PT: What were you thinking? Can you capture that moment in Line of Fire? Do you know what came out of the Mitch Leary character that moved you to put Eastwood' s gun in your mouth?

JM: Not really. I thought it would be something sexually intimidating, a boy's thing. And plus I thought it would kind of make Clint laugh, which it did. But it just sort of happened.

PT: Has movie stardom changed you?

JM: Yeah.
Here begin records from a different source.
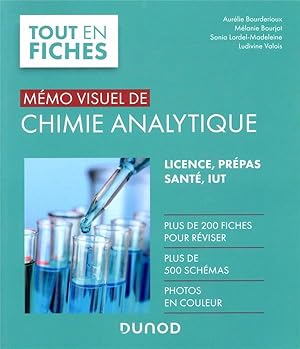 mémo visuel de chimie analytique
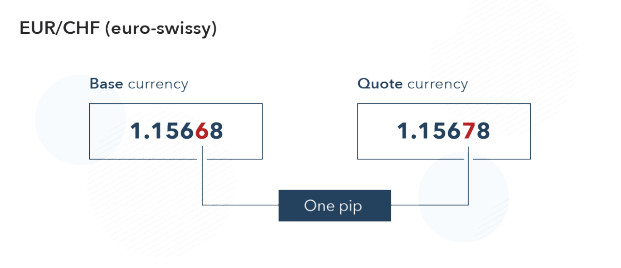 Major Currency Pairs What Are The Major Forex Pairs Ig Za - 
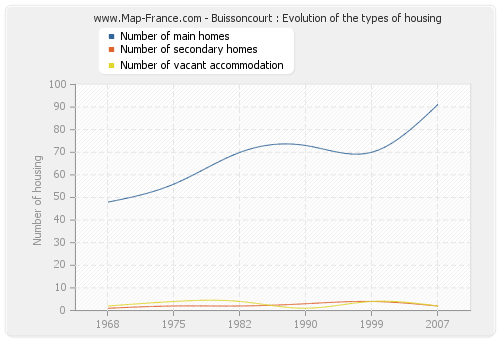 Buissoncourt : Evolution of the types of housing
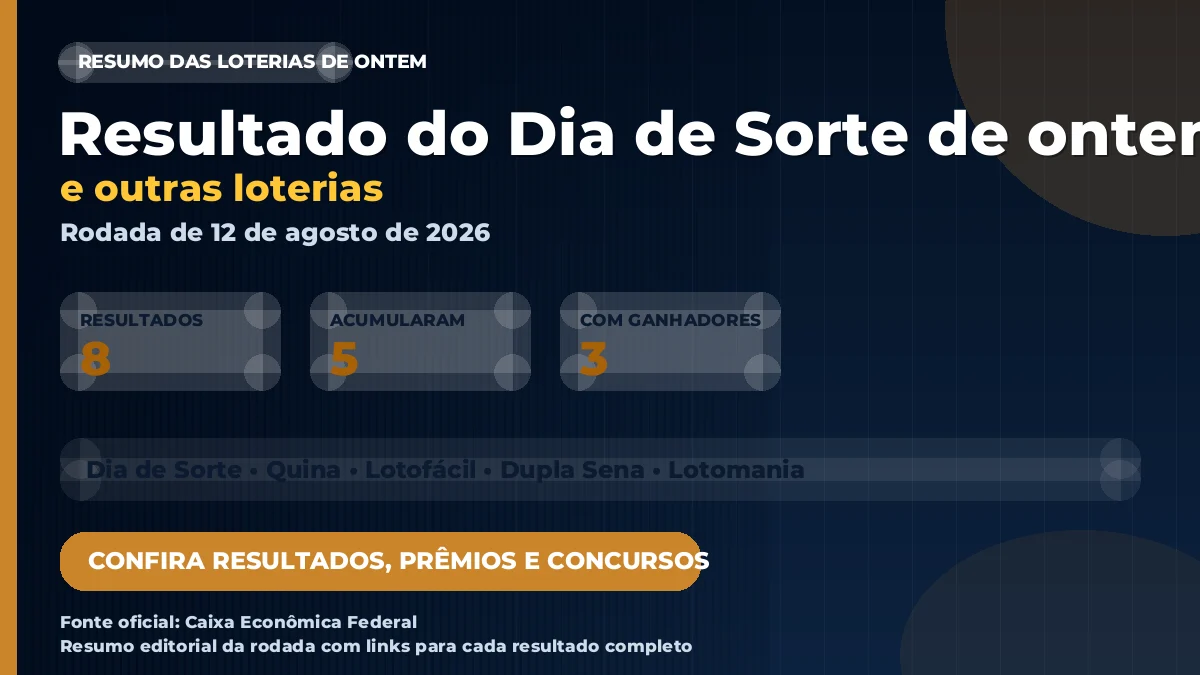 Imagem destacada do resumo das loterias de 12 de agosto de 2026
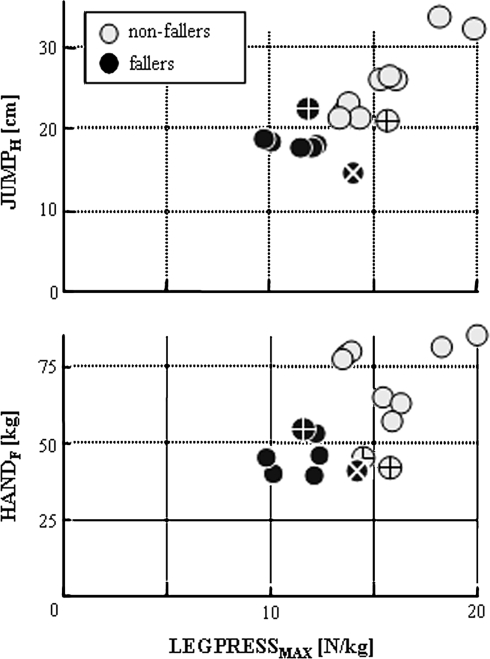 Fig. 3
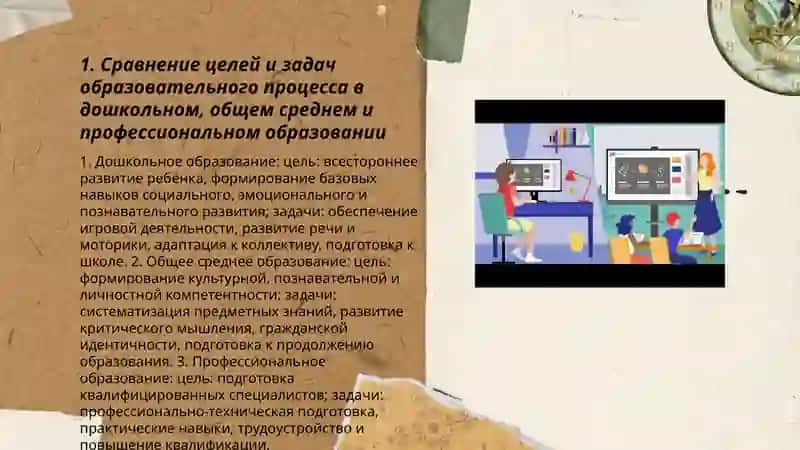 Сравнение современных организации образовательного процесса в дошкольном, общем среднем, профессиональном образовании. Олимова Дилдора 3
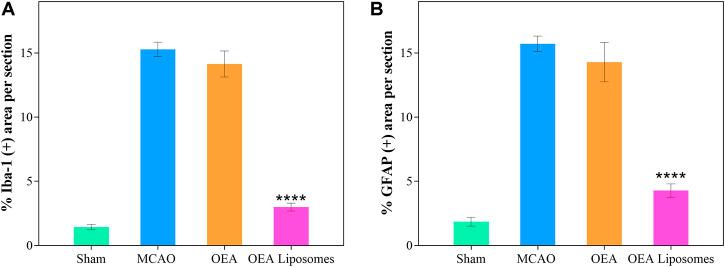 https://cdn.ncbi.nlm.nih.gov/pmc/blobs/612e/9493034/124d9e87b32f/fchem-10-1014208-g007.jpg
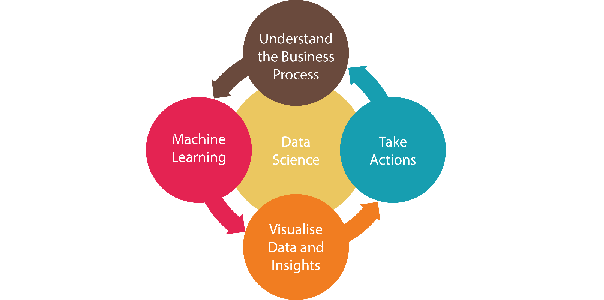 data science in manufacturing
I think you get used to a certain style of life that's rather unfortunate.

The real downside is getting spoiled in the simplest terms, feeling, "I'm entitled to this" or "I deserve this." "Didn't they book my flight?"

That kind of mentality gets dangerous in life and you have to be really careful.

PHOTOS: Malkovich; In one of the boldest scenes of In the Line of Fire, Malkovich disarms Eastwood by putting his mouth on the gun.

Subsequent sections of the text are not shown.